Successful systems sparking revitalization

4/12/2014
BY DAVID PATCH
BLADE STAFF WRITER
  • Tempe-Arizona-Light-Rail

    Business Wire

  • When planners in Phoenix first proposed a countywide sales tax to pay for an expanded expressway system and enhanced public transit 29 years ago, officials were so cautious about voters’ preference for highways that they reserved two-thirds of the revenue for the road construction.

    But Maricopa County’s enhanced bus service and light rail have been so popular — and such a boon for development — that a new question soon may be put to voters seeking permission to flip that revenue split, a transit consultant who once headed the light-rail operation told a Toledo transportation conference Friday morning.

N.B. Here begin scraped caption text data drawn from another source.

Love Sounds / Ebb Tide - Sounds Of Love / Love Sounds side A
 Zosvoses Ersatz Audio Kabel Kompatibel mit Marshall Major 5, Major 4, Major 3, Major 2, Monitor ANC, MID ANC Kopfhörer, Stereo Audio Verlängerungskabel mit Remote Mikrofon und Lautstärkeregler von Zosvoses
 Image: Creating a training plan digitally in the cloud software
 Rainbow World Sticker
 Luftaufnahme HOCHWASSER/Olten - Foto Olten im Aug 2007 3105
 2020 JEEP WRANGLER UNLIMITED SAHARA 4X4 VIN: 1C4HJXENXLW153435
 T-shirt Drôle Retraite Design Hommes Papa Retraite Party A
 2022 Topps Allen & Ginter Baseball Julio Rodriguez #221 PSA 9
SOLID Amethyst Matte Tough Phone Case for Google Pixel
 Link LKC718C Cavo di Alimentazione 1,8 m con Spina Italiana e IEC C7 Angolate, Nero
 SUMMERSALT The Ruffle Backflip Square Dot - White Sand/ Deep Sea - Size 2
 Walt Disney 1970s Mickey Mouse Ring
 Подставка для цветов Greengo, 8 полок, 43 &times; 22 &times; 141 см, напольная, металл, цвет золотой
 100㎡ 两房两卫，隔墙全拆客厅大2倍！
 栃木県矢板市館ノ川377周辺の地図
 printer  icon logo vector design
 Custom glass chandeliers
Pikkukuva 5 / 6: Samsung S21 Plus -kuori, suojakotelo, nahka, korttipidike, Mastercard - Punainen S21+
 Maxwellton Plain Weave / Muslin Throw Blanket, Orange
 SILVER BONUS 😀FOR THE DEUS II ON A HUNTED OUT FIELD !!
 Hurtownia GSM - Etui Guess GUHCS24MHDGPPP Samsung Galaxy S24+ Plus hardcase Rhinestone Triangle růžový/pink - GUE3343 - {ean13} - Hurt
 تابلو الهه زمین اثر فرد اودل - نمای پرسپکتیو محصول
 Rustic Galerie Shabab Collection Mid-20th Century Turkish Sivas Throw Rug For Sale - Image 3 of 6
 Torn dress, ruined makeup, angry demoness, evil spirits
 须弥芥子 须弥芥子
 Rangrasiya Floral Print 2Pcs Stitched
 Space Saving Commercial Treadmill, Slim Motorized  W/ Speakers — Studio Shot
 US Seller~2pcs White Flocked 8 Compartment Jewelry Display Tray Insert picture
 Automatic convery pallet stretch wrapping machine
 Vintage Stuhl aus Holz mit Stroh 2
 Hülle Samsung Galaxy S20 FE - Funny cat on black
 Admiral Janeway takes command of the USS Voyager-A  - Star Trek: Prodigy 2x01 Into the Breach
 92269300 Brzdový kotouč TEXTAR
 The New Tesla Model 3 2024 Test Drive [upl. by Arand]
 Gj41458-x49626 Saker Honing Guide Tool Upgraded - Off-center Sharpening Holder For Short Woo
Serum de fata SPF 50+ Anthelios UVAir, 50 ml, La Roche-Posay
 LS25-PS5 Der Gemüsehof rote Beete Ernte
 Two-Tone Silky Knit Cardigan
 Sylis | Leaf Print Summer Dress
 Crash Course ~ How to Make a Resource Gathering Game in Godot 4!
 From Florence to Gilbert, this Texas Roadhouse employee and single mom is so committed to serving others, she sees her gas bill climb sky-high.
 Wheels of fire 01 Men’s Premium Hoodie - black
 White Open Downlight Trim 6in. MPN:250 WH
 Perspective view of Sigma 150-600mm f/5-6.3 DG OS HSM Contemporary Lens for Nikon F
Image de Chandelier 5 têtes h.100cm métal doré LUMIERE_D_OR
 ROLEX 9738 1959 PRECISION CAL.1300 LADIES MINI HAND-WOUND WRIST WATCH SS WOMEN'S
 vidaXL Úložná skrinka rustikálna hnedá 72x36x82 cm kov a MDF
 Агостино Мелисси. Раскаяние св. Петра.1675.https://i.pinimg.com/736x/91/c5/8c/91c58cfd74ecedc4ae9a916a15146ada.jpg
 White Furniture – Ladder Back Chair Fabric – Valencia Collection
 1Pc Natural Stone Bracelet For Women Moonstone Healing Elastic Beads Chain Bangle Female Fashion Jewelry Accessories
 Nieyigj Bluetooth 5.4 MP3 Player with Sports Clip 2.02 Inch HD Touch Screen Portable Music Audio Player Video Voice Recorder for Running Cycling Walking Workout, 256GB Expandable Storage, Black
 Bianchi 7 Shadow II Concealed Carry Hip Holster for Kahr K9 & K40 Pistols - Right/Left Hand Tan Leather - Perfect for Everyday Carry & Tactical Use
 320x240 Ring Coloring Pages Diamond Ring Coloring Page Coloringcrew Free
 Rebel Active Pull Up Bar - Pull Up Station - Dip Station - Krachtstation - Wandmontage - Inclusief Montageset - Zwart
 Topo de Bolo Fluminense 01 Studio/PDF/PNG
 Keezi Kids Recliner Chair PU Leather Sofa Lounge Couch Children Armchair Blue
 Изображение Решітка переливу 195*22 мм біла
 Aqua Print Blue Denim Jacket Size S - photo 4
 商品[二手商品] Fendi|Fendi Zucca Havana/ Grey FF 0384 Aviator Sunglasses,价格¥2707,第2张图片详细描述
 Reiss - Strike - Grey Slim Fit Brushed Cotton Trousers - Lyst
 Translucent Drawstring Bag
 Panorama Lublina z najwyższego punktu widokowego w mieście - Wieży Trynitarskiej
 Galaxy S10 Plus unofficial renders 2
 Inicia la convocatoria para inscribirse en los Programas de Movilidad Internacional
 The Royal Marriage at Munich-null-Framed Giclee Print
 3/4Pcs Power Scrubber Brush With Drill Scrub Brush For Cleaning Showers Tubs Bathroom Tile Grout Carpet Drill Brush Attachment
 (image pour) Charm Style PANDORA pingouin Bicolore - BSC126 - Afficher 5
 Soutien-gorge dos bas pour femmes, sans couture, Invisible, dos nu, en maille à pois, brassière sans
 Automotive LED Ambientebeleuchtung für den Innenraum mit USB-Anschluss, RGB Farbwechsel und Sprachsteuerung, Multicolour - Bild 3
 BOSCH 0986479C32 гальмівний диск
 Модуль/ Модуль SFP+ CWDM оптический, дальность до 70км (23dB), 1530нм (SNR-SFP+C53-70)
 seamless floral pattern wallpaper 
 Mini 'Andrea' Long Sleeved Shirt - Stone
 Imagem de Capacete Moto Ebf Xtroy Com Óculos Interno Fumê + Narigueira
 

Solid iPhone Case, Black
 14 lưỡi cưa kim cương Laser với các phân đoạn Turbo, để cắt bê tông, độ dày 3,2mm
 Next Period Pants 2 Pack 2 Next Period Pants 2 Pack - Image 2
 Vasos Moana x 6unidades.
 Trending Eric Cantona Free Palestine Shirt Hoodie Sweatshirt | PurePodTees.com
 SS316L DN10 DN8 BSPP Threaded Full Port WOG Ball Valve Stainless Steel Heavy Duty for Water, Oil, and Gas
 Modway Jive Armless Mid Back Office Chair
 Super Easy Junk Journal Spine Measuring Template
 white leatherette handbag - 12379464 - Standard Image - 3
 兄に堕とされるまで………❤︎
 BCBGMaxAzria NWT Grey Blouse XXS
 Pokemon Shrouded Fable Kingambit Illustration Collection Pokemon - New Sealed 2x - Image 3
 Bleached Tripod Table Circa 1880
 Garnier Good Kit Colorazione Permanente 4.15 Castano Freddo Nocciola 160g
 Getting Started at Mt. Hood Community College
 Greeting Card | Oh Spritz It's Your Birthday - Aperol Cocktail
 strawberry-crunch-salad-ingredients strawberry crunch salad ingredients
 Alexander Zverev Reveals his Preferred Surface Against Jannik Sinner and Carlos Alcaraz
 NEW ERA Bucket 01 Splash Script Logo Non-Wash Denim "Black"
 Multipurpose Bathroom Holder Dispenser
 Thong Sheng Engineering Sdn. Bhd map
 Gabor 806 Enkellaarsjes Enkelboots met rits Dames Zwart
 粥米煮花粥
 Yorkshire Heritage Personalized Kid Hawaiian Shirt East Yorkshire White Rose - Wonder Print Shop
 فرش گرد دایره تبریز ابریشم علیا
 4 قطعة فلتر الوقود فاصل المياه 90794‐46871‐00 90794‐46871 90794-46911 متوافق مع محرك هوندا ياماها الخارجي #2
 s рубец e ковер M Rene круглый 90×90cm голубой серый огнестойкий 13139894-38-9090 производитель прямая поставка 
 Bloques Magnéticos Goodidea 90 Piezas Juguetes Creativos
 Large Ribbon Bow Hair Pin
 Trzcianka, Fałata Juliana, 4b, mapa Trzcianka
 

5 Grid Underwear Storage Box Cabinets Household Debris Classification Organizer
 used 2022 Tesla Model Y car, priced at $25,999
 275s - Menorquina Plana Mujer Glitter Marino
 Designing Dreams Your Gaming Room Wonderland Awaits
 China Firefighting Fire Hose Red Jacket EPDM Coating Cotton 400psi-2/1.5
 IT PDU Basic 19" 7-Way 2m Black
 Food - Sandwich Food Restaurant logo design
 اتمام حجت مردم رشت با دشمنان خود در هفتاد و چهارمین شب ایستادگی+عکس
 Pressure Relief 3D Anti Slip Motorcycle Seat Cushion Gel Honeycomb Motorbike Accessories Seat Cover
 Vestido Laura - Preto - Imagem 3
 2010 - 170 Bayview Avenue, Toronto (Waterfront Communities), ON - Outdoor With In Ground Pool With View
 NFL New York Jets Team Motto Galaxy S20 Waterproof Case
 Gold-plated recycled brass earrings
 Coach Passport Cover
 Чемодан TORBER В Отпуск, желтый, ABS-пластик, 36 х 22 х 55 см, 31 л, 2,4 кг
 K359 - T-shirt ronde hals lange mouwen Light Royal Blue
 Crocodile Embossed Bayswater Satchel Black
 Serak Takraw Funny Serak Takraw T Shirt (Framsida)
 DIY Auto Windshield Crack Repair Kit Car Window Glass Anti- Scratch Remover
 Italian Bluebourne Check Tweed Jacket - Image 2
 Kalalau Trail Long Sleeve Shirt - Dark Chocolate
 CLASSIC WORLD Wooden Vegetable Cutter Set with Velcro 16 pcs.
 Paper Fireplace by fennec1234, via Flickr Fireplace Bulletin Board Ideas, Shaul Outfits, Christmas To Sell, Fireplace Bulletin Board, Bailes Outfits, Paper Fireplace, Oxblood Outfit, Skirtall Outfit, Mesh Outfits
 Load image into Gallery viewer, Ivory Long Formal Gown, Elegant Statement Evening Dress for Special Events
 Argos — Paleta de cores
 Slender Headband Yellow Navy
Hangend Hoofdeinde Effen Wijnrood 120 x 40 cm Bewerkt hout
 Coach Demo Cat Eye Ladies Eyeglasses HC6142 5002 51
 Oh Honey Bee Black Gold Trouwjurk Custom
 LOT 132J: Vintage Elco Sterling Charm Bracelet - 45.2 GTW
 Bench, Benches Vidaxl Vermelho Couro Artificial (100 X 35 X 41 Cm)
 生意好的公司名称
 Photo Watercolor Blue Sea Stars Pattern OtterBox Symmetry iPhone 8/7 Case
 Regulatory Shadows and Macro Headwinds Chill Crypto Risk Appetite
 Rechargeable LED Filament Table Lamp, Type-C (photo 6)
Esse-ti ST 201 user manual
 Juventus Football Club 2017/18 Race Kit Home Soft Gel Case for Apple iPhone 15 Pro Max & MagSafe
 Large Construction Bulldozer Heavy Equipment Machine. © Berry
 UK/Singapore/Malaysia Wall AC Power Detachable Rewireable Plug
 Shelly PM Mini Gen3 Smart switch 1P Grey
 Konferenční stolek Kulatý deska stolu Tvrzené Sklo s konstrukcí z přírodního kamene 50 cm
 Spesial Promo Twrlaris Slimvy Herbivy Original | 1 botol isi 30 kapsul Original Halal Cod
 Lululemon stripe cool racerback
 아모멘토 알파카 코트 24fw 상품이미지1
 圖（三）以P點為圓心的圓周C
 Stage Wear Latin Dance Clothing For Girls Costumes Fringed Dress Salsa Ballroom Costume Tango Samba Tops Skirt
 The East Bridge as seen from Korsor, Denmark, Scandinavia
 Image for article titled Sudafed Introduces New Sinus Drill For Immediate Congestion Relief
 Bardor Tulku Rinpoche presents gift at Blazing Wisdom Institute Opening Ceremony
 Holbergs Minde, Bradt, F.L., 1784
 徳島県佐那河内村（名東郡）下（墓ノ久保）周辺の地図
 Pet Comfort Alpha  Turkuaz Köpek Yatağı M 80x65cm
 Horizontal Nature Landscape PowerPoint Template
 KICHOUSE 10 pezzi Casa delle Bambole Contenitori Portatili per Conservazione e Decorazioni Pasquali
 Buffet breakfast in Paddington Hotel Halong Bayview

    And with both Millennials and senior citizens now favoring transit-friendly lifestyles, “ ‘density’ is no longer a necessary word, in my opinion, to achieve transit success,” Richard J. Simonetta, a senior manager at the Burns Group of Philadelphia, told more than 150 people at the Toledo Metropolitan Area Council of Governments’ Transportation Summit.

    Mr. Simonetta’s presentation wrapped up a six-hour program at the Pinnacle in Maumee that focused on transportation’s potential role in guiding regional revitalization.

    Mr. Simonetta, whose career includes stints as head of the Columbus and Ann Arbor transit systems, cited Ann Arbor and Grand Rapids, Mich., along with Phoenix as examples of public transit success.

    He outlined how Ann Arbor has developed multiple brands for late-night service, express buses to Detroit Metropolitan-Wayne County Airport, and other specialty rides, while Grand Rapids is about to roll out “bus rapid transit” on a key route and is considering a modern streetcar line for the future.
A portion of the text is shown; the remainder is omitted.